Manchester City and Liverpool managed to win the most games with both teams having over 25 wins, with the closest teams being Arsenal, Chelsea and Tottenham.While Burnley, Leeds, Norwich, Southampton and Watford being on the opposite end with neither Team being able to muster up 10 wins throughout the season.

losses <- prem_matches_cleaned %>%
  mutate(ft_result = case_when(
    ft_result == "H" ~ away_team,
    ft_result == "A" ~ home_team,
    ft_result == "D" ~ "Draw"))
losses <- losses %>% filter(ft_result != "Draw")

ggplot(data = losses, aes(x = ft_result)) +
  geom_bar(fill = "#e90052", color = "#38003c") +
  theme(axis.text.x = element_text(angle = 90)) + 
  xlab("Teams") + ylab("Losses") + labs(title = "Total Games lost by each Football Team")

When you do not win games, you are likely to lose them as Norwich and Watford recording over 25 losses with Everton in close third with 21 games lost.
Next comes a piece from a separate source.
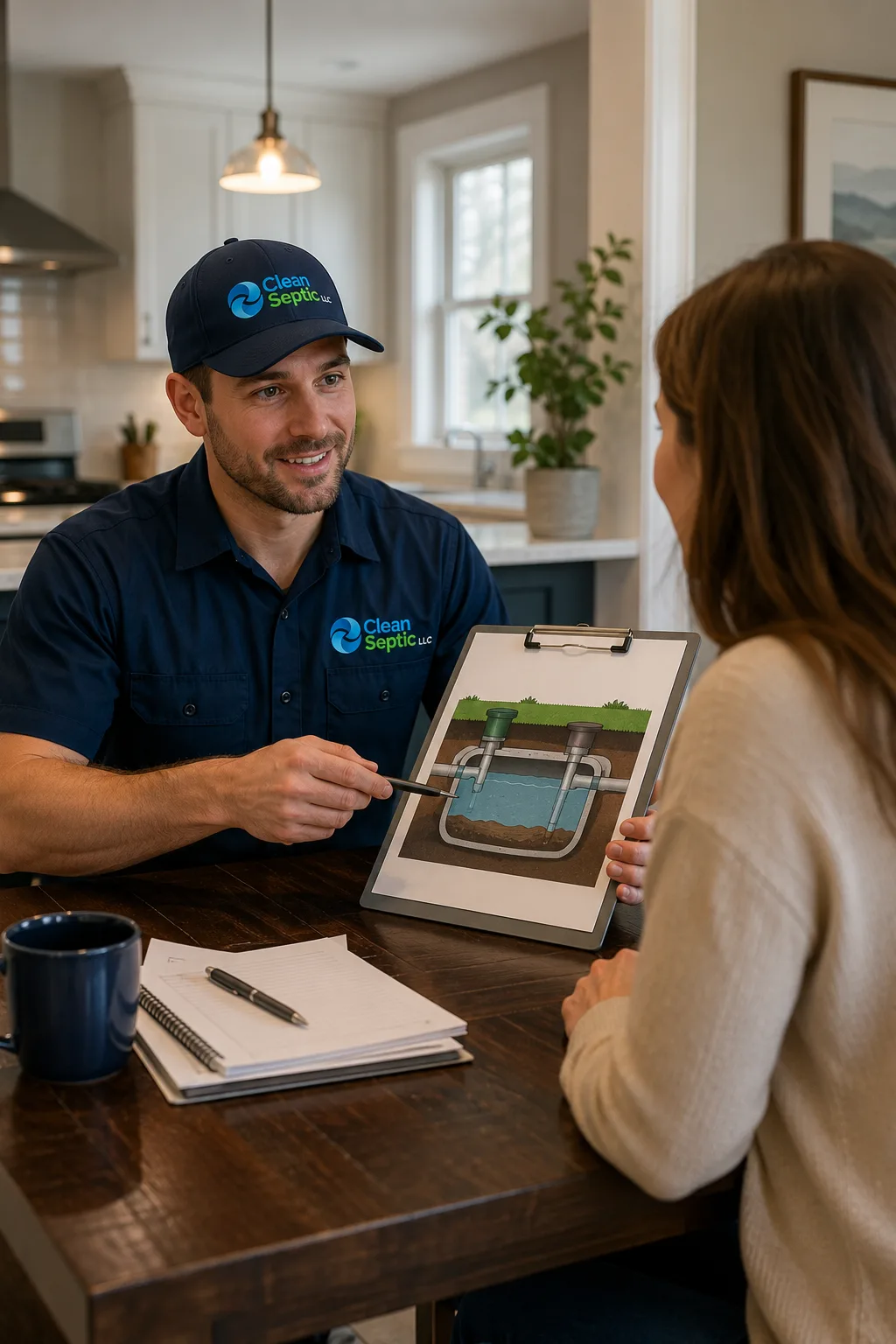 Septic Tank Pumping Shellman, GA FAQs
Whereas Manchester City and Liverpool both managed to avoid losing 5 games which is very impressive.

draws <- prem_matches_cleaned %>%
  select(home_team,away_team,ft_result) %>%
  mutate(ft_result = case_when(
    ft_result == "H" ~ home_team,
    ft_result == "A" ~ away_team,
    ft_result == "D" ~ "Draw"))
draws <- draws %>% filter(ft_result == "Draw")
draws <- cbind(draws[3], stack(draws[1:2]))

ggplot(data = draws, aes(x = values)) +
  geom_bar(fill = "#ffffff", color = "#38003c") +
  theme(axis.text.x = element_text(angle = 90)) + 
  xlab("Teams") + ylab("Draws") + labs(title = "Total Games Drawn by each Football Team")

The 2021/22 Premier League also recorded 88 drawn games across the 380 fixtures recorded, meaning 23% of the games played ended in a draw. Brighton and Crystal Palace are the joint teams with the most draws with both teams managing 15 draws each followed by Burnley and Southampton having 13 and 11 draws respectively.


Thank You!!! for taking your time to go through my analysis. Any feedback or advice is welcomed.